An electronic version of the book is available online on the author's official website. This online publication makes the book accessible to the general public far from the geographical boundaries or logistical constraints that may stand against the acquisition of a paper version of the book.

== Content ==
This book is not an original writing but rather a compilation of articles and conference papers as the author states in his introduction. The author begins his work with an introductory chapter presenting the characteristics of Islamic economic thought, the relationship between the human, the divine and the money, and a critique of the capitalist economy. He has taken care to cover all the contracts of Islamic finance, each with a dedicated article in order to produce this book. Each chapter dedicated to a contract explains its legal regime in classical Islamic law and its use and role in the Islamic banking, finance and insurance industry.

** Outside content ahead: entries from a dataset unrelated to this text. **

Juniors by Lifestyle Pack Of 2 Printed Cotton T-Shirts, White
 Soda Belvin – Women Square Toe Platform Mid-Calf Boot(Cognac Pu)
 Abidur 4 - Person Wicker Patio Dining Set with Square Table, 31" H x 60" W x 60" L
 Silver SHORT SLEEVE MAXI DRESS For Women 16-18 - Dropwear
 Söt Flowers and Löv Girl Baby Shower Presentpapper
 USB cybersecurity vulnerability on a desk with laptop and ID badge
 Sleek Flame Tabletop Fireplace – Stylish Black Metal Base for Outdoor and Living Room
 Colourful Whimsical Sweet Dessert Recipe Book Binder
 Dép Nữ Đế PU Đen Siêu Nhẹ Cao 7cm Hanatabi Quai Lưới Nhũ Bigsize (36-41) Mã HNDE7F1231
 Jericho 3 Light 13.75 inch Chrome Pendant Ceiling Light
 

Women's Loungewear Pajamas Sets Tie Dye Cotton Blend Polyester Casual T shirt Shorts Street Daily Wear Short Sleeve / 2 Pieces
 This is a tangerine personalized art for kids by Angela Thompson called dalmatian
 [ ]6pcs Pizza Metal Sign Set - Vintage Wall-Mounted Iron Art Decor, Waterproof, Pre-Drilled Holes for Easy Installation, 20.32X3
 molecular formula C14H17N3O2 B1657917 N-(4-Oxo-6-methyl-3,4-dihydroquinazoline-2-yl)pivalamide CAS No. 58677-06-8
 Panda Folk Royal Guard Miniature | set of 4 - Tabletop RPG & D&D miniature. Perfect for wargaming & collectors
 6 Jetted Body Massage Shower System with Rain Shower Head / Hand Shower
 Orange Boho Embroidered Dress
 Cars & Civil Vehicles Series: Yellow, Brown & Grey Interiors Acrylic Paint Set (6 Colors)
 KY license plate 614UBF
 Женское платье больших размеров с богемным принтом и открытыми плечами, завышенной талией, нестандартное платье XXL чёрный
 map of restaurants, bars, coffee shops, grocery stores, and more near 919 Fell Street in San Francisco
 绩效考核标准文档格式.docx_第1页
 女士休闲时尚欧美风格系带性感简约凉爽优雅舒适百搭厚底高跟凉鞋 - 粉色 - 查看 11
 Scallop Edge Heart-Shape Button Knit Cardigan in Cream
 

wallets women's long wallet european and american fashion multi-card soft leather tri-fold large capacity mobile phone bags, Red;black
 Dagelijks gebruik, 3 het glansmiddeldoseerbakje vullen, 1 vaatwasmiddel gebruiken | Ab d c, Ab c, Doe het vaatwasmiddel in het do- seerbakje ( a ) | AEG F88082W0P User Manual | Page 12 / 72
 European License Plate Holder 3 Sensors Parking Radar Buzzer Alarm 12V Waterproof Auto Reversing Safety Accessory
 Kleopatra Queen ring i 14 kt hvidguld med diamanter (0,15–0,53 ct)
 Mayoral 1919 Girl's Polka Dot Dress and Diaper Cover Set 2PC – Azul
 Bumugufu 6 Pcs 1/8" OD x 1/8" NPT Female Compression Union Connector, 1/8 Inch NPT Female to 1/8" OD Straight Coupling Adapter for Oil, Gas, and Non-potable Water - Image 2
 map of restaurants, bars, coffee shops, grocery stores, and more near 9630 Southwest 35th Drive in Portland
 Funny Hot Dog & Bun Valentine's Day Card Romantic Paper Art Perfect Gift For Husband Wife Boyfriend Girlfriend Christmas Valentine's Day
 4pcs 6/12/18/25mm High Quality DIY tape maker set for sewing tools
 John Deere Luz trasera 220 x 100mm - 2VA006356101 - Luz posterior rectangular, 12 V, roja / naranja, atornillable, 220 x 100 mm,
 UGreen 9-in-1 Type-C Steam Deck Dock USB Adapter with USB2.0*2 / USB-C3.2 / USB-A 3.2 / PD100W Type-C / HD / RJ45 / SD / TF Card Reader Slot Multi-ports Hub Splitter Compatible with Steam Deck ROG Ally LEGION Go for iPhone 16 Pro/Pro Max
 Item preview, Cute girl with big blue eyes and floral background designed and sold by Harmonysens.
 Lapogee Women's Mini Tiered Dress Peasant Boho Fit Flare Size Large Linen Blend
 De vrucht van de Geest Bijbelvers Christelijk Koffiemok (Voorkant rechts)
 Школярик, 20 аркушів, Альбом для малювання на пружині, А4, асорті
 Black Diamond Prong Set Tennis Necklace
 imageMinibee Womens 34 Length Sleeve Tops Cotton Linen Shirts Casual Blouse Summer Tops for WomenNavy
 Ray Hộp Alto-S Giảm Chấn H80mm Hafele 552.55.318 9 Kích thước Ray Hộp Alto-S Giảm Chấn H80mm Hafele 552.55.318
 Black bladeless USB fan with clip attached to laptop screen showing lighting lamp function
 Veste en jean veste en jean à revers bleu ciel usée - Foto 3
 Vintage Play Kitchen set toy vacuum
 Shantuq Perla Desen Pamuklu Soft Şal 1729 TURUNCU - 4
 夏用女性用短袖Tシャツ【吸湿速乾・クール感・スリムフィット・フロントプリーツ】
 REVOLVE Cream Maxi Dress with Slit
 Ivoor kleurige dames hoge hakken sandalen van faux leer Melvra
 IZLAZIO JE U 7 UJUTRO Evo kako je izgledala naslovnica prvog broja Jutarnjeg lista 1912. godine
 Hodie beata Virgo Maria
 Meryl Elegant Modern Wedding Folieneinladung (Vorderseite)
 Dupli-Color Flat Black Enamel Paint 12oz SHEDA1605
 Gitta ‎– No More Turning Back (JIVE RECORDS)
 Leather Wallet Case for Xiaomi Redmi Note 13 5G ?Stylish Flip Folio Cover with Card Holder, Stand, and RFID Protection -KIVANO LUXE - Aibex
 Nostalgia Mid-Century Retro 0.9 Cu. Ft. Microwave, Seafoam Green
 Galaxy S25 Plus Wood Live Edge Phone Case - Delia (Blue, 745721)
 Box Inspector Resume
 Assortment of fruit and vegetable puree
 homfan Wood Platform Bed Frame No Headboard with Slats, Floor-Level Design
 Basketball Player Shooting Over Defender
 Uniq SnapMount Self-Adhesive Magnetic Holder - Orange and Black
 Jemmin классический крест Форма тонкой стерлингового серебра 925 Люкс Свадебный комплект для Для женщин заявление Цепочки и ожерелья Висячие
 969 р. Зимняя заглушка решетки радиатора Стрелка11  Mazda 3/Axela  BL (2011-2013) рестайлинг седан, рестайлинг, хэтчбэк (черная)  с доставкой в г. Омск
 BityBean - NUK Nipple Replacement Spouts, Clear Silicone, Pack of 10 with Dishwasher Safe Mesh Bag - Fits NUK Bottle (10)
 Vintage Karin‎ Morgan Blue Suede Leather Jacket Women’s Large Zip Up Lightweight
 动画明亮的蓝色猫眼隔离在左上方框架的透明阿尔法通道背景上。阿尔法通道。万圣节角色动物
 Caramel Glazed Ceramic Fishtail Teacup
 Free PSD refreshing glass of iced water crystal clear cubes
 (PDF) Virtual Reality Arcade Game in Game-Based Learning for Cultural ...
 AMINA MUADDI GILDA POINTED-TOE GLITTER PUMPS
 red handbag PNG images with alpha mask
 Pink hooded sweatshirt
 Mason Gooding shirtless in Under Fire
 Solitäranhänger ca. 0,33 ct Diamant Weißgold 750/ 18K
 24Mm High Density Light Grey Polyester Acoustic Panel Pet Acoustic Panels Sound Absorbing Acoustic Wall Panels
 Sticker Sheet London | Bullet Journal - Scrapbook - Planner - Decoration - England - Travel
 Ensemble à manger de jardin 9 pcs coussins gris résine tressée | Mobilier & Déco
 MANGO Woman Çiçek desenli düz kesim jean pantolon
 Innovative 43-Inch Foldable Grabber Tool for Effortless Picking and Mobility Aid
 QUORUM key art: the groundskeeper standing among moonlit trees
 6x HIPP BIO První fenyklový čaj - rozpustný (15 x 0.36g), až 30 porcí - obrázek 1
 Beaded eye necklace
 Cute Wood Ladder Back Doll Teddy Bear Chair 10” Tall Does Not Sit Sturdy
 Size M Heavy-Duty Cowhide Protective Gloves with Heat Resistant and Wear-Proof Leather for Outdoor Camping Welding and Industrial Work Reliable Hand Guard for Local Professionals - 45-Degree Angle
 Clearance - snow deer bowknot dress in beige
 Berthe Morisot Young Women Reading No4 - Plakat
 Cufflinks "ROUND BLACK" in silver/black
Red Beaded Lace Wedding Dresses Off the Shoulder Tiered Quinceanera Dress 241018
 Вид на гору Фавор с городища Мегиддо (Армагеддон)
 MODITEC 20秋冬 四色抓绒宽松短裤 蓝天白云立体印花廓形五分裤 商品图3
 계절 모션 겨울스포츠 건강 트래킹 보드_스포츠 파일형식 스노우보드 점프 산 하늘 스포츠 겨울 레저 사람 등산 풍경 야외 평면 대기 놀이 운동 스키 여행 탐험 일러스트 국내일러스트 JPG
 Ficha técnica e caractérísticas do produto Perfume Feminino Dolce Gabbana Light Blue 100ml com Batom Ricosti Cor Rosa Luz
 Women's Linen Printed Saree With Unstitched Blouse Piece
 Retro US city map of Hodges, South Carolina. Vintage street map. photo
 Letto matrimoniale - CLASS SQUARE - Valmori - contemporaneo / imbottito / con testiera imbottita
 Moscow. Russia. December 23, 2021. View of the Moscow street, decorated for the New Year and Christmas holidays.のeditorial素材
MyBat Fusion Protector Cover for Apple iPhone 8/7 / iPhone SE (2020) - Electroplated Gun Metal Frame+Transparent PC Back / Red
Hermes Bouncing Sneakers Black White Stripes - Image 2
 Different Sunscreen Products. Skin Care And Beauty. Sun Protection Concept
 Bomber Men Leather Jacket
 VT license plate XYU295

One chapter is dedicated to Islamic funds and another to the principle of limited liability in Islamic law.

Mohyedine HAJJAR wrote,
In our opinion, we thought it was more appropriate to add chapters dedicated to Islamic banking and Islamic insurance in order to cover the whole discipline in this book. We thus note that the book is characterized by its legal dimension which is in fact the essential characteristic of Islamic finance. A student in finance, management, law or economics aiming to learn about Islamic finance needs this side of legal theory in order to understand the peculiarity of this sector. All the particular aspects of Islamic finance in all these sides (legal, accounting, financial) are based on the legal particularities of contracts in traditional Islamic law. This is why the dominant legal dimension of the book seems to us one of its major assets.
—

== Writing style ==
The language of the text is reasonably understandable and intended for the general public. A novice reader who is not familiar with the financial world would have no trouble accessing the substance of the text. This is an asset for this book as it meets the needs of the target audience.

Mohyedine HAJJAR wrote,

However, we note that much of the development in the book corresponds to the form of oral discourse. The text is loaded by remarkable stylistic gaps. We find quite a few poorly composed passages and the majority of the sentences are long and weakly organized. It is common to encounter sentences exceeding one third of a page. It is possible that this deficiency is at the origin of the chapters of this book, i.e. conference papers intended to be presented orally. In any case, this deficiency had to be remedied as the book's various editions progressed.
—

== Bibliography ==
In the official electronic version, the footnote numbering is continuous in each chapter and starts over in the following chapter. This indicates the bibliographical independence between chapters of the book.

Mohyedine HAJJAR wrote,

In our opinion, it was more judicious to opt for a continuous enumeration for the whole document or an enumeration that starts again with each new page. We also note that a bibliographical list is missing which lists down all the references mentioned by the author in his work. This is an important formal gap.
—

== Reception ==
Mohyedine HAJJAR wrote,

An Introduction to Islamic Finance is a great classic an introductory work to Islamic finance that we believe is indispensable for those wishing to learn about Islamic finance. The work is of high quality and has manystrengths.